Goldschmiedewerkstatt, Etienne de Laune
Umbrella Research Theme (2013-2015)

Early Modern Art Technologies and Materials

This project investigated why and how artist’s materials and techniques became an object of study for chymists, natural historians, physicians, mathematicians, and natural philosophers in the early modern period. In early modern cities apothecaries supplied artists with the pigments and other materials their works and the objects they produced were made of. Beyond the shared commercial interest in materials, chymists, natural historians, physicians, and natural philosophers acquired an epistemic interest in artists’ materials and techniques. As these became objects of study and investigation, artisanal techniques and materials were turned into art technologies. This project was connected to current work on artisanal recipes, focussing on questions of collecting and readership of recipes. Building on completed work showing how the premodern evolution of the laboratory was entangled with epistemic exchanges between alchemists and artisans, the project considered the art technologies of a variety of artisans, including jewellers, dyers, glassmakers, potters, and painters.
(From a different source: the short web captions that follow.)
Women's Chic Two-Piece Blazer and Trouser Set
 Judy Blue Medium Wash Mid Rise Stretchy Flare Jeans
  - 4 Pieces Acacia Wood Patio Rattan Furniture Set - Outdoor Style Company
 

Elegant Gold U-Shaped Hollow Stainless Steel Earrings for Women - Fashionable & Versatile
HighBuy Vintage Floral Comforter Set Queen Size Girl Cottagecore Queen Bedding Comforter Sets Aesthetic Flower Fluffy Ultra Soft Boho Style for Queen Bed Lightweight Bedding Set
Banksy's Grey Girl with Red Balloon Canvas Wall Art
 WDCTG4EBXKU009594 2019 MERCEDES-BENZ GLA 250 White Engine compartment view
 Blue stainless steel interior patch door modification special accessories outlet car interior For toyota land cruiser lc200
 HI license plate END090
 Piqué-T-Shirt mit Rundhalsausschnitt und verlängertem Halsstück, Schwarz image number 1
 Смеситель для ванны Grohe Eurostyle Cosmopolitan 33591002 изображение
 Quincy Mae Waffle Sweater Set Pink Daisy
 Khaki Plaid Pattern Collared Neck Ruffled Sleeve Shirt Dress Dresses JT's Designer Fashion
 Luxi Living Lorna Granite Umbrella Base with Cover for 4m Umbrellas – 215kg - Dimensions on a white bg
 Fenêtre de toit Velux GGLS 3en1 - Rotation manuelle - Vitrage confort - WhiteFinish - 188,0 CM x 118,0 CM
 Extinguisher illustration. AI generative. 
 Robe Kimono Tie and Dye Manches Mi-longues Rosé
Connecting the readership of early modern art technologies to the significance of connaisseurship, it investigated the relation between epistemic interests in materials and techniques, and luxury industries and consumption. In this way the project fostered the understanding of the historical process by which the union of artisanal practices and learned practices involving materials and techniques took place before the institutionalization of mixed epistemic and productive practices in the eighteenth century.